What is required
From the data below, repeat exactly the lines from the line with "Single Stitch T-Shirt" to the line with "White House Black Market White", both included.

===== Dataset content =====

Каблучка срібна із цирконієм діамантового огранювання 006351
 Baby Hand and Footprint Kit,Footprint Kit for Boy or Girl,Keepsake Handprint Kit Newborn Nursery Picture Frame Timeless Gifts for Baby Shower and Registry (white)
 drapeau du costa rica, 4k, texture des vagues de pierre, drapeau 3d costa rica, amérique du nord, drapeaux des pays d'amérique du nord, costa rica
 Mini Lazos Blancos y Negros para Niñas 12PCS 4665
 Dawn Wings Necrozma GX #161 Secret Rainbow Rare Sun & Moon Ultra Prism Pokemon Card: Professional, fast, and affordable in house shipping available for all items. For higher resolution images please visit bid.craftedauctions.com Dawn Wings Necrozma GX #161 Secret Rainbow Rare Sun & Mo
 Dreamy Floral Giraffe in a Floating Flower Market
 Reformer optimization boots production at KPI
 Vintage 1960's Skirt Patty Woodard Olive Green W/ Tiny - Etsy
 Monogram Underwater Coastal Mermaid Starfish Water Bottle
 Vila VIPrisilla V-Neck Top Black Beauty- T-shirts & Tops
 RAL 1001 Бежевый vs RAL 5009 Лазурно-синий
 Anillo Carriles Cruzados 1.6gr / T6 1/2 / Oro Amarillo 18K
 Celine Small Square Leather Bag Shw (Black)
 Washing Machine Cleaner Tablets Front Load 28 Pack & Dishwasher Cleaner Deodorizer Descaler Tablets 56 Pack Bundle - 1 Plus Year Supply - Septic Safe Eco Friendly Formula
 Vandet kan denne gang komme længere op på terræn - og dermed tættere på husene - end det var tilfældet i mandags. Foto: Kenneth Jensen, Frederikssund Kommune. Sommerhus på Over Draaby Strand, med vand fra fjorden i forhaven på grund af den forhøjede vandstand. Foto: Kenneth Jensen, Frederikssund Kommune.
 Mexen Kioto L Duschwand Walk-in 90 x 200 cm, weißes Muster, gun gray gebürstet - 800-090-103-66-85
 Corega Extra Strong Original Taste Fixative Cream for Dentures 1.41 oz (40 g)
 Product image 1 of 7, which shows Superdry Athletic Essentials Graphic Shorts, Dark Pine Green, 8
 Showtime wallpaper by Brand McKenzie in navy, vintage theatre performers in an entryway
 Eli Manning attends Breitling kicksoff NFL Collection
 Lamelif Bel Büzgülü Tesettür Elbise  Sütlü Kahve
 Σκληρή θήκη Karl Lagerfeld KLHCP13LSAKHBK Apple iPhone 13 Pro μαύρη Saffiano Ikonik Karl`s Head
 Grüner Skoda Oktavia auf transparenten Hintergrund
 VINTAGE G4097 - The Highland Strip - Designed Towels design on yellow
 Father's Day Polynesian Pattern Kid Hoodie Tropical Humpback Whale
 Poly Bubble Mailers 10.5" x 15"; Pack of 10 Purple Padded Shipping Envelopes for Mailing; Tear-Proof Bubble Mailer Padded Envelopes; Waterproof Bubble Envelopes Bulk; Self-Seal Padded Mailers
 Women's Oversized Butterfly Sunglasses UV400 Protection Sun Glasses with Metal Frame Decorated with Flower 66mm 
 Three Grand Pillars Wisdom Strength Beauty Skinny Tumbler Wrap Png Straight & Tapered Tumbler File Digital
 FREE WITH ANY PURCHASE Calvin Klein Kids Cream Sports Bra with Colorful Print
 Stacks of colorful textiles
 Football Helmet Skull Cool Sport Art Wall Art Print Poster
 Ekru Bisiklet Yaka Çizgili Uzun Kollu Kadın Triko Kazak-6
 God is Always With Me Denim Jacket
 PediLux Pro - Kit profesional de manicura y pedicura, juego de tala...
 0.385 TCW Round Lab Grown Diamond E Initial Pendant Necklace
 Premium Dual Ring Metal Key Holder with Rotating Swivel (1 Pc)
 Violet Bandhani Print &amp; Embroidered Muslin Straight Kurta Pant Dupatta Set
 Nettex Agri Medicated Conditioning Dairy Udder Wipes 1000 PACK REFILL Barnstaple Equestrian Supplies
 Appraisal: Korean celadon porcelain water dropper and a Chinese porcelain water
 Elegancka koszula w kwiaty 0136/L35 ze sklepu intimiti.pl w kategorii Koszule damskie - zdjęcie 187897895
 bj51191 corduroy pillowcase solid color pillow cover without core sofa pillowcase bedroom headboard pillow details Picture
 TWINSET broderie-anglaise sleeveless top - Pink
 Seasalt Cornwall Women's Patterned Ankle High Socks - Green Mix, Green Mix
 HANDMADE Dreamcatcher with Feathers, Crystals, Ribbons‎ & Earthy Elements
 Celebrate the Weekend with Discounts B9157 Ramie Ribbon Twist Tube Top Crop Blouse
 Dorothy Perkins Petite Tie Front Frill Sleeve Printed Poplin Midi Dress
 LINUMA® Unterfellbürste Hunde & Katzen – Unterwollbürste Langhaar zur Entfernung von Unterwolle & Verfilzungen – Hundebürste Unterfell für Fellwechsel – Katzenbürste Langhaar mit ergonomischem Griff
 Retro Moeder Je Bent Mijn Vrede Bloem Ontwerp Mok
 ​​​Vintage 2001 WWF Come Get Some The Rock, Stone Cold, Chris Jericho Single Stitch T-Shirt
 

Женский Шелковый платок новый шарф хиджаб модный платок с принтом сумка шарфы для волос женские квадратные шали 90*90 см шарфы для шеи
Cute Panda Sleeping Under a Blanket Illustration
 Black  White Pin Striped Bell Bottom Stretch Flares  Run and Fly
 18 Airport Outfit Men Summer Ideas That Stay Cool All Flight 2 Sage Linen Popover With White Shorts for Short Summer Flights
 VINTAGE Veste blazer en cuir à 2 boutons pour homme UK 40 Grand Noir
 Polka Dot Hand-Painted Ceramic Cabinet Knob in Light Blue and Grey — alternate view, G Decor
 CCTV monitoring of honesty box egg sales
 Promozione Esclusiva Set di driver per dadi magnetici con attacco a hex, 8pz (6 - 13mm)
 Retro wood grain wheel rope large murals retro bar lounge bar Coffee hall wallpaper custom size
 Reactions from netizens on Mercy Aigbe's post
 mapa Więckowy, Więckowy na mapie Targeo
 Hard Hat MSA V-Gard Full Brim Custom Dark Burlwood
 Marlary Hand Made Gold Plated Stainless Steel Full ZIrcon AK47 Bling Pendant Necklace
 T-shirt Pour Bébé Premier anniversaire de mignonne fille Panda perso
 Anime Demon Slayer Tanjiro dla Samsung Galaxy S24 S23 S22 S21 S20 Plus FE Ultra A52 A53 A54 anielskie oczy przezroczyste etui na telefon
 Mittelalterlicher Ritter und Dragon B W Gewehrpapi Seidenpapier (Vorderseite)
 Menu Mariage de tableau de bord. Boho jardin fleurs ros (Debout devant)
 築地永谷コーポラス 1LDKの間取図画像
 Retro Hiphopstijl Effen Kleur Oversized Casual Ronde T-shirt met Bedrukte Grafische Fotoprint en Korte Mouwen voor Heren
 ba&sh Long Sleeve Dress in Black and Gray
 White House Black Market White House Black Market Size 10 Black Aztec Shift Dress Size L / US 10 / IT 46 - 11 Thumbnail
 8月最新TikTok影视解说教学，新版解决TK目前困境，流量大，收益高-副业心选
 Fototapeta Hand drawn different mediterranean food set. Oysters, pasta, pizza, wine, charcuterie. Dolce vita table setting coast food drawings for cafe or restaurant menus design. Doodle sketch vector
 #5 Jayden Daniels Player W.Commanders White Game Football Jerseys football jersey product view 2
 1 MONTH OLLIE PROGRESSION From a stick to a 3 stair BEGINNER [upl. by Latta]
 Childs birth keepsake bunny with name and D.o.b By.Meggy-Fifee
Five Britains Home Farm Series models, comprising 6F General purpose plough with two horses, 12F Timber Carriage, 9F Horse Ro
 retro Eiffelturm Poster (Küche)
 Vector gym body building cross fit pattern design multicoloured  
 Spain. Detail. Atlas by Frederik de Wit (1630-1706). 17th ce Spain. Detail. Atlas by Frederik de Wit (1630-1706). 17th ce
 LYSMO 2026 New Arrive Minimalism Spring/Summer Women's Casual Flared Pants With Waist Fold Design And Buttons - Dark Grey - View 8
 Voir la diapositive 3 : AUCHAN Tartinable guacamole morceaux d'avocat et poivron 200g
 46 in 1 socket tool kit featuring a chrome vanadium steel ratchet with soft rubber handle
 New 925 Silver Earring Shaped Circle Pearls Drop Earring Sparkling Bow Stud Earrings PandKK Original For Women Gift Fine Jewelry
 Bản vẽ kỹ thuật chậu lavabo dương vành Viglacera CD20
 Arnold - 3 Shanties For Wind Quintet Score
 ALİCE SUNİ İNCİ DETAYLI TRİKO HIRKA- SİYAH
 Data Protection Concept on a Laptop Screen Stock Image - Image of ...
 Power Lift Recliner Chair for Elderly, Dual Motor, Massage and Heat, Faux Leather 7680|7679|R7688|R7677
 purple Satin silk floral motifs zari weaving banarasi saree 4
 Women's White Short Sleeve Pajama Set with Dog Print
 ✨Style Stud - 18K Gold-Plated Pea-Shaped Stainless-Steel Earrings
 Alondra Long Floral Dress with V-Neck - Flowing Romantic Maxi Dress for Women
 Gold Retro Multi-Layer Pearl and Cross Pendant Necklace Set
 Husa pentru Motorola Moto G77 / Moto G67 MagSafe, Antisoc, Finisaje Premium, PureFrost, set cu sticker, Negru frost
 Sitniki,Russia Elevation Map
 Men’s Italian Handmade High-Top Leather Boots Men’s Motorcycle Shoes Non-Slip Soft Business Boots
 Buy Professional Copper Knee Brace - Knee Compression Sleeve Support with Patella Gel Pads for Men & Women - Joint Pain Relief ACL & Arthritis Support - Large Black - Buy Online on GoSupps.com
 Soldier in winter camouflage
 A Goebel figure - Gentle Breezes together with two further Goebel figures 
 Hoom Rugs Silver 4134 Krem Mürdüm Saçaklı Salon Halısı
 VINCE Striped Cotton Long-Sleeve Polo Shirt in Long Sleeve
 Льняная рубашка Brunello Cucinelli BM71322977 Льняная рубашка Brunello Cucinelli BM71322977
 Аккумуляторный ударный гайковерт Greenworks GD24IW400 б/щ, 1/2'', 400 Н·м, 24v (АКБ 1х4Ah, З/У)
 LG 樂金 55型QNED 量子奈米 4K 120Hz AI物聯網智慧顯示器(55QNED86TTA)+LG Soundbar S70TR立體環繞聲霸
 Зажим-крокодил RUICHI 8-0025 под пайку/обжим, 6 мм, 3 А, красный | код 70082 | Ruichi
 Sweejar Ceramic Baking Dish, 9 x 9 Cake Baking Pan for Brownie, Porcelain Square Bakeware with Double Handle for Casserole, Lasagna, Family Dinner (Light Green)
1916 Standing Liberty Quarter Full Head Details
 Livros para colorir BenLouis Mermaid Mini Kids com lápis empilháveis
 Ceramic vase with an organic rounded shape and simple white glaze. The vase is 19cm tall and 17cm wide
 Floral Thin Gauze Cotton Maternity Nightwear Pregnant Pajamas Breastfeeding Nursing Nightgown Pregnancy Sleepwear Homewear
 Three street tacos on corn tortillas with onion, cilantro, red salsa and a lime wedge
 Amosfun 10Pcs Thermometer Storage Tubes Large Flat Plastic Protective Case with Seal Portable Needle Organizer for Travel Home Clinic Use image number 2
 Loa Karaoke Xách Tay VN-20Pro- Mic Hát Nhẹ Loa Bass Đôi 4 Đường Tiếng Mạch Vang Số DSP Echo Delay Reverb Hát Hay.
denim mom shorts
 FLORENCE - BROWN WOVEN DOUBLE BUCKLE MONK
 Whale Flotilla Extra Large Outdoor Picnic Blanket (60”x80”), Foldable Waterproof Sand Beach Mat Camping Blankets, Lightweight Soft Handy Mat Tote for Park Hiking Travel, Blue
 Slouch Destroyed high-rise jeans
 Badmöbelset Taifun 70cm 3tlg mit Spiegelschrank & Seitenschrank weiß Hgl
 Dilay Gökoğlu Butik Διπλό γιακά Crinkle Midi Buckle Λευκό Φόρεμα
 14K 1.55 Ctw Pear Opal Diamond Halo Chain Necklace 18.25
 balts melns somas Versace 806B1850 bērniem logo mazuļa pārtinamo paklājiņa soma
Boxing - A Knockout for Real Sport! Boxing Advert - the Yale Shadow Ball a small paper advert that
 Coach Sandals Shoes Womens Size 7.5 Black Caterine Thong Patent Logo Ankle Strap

=====

Response below
 ​​​Vintage 2001 WWF Come Get Some The Rock, Stone Cold, Chris Jericho Single Stitch T-Shirt
 

Женский Шелковый платок новый шарф хиджаб модный платок с принтом сумка шарфы для волос женские квадратные шали 90*90 см шарфы для шеи
Cute Panda Sleeping Under a Blanket Illustration
 Black  White Pin Striped Bell Bottom Stretch Flares  Run and Fly
 18 Airport Outfit Men Summer Ideas That Stay Cool All Flight 2 Sage Linen Popover With White Shorts for Short Summer Flights
 VINTAGE Veste blazer en cuir à 2 boutons pour homme UK 40 Grand Noir
 Polka Dot Hand-Painted Ceramic Cabinet Knob in Light Blue and Grey — alternate view, G Decor
 CCTV monitoring of honesty box egg sales
 Promozione Esclusiva Set di driver per dadi magnetici con attacco a hex, 8pz (6 - 13mm)
 Retro wood grain wheel rope large murals retro bar lounge bar Coffee hall wallpaper custom size
 Reactions from netizens on Mercy Aigbe's post
 mapa Więckowy, Więckowy na mapie Targeo
 Hard Hat MSA V-Gard Full Brim Custom Dark Burlwood
 Marlary Hand Made Gold Plated Stainless Steel Full ZIrcon AK47 Bling Pendant Necklace
 T-shirt Pour Bébé Premier anniversaire de mignonne fille Panda perso
 Anime Demon Slayer Tanjiro dla Samsung Galaxy S24 S23 S22 S21 S20 Plus FE Ultra A52 A53 A54 anielskie oczy przezroczyste etui na telefon
 Mittelalterlicher Ritter und Dragon B W Gewehrpapi Seidenpapier (Vorderseite)
 Menu Mariage de tableau de bord. Boho jardin fleurs ros (Debout devant)
 築地永谷コーポラス 1LDKの間取図画像
 Retro Hiphopstijl Effen Kleur Oversized Casual Ronde T-shirt met Bedrukte Grafische Fotoprint en Korte Mouwen voor Heren
 ba&sh Long Sleeve Dress in Black and Gray
 White House Black Market White House Black Market Size 10 Black Aztec Shift Dress Size L / US 10 / IT 46 - 11 Thumbnail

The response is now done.